Baltimore mayoral candidate Carl Stokes wants to dramatically cut Baltimore's property taxes, revive the city's old practice of selling vacant homes for $1 and withhold tax-increment-financing subsidies from developers unless they agree to donate to newly created "community benefits" funds.
Stokes released a 14-page economic development plan Monday, shortly after officially filing to run for mayor.
"My plan will bring jobs and good paying jobs," he wrote. "It will provide the opportunity for all of Baltimore's citizens to participate in the new global economy. It will re-capture lost tax dollars and put forth incentives to re-build communities."
Stokes' plan calls for creating a city-wide high-speed internet service, increasing funding of the city's existing "Main Streets Program," reducing burdensome regulations and promoting apprenticeships.

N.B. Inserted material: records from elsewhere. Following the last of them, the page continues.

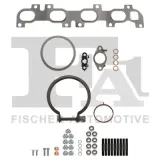 Montagesatz, Lader FA1 KT330850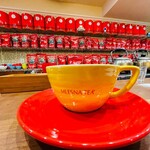 The tee Tokyo　supported by MLESNA TEA - 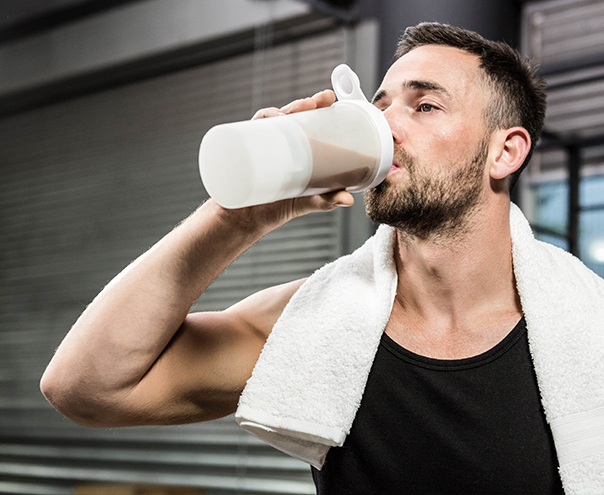 Proprietary Sports Powders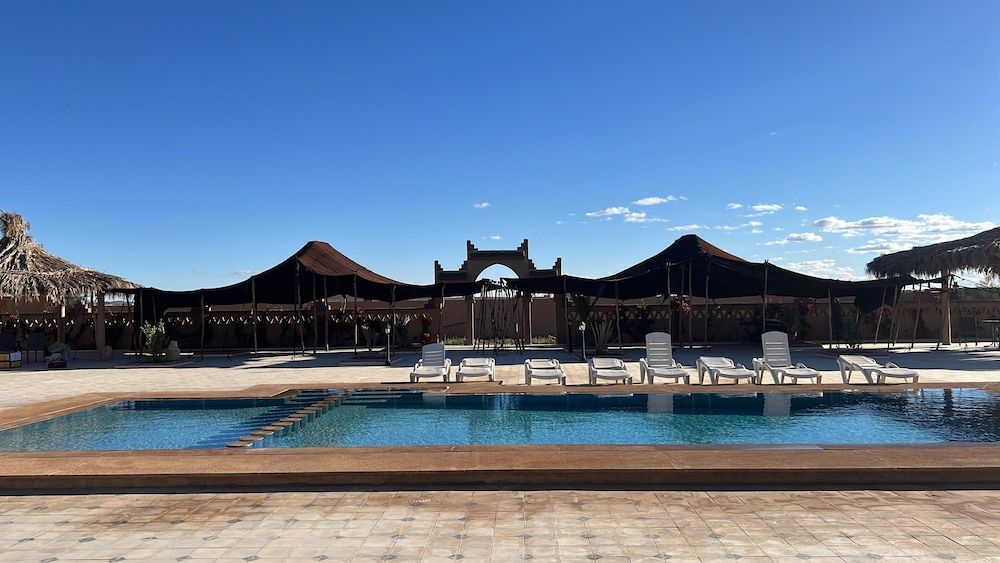 Berber Palace Hotel -1 stelle a Merzouga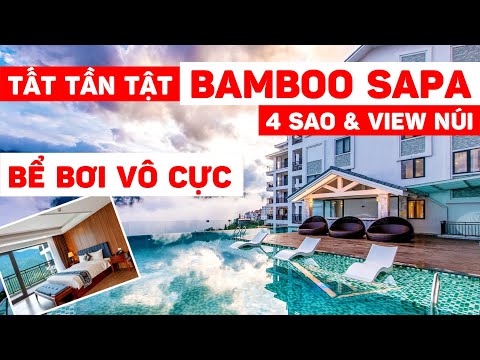 Khách sạn Bamboo Sapa 4 sao, giá rẻ | Khách sạn Sa Pa #3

"The current Baltimore City property tax rate -- more than double any other jurisdiction in Maryland -- is a killer to growth and investment," he wrote. "A high priority of the Stokes Administration will be a 40 percent to 50 percent reduction in the tax rate over a 5-8 year period."
Stokes said the rate reductions will be "earned" as the city's revenue increases from a growing tax base.
He also wrote he wants to expand the Charm City Circulator to become an "essential, free and reliable connector between low income residents and jobs."
Stokes is among 22 contenders to replace Mayor Stephanie Rawlings-Blake, who is not seeking re-election.
Among 12 Democrats in the field, Stokes is the first candidate in the race to release a plan focusing solely on economic development. Former Mayor Sheila Dixon and lawyer Elizabeth Embry have released plans focusing on fighting crime. Councilman Nick J. Mosby has released a wide-ranging 15-point plan to improve Baltimore.
Daraius Irani, chief economist of the Regional Economic Studies Institute at Towson University, said he's unsure if all of Stokes' proposals would ever reach fruition.
"At first read, it seems long on promises (as all of the mayoral candidates' positions will) and short on results," he said. "Some of the ideas promoted sound great on paper and look good."
He said if the city improves schools, reduces crime and betters government services, economic development will follow.
"People and businesses will not live or operate in an area that has poor schools, high crime, poor government services and crumbling roads and failing sewer lines," Irani said.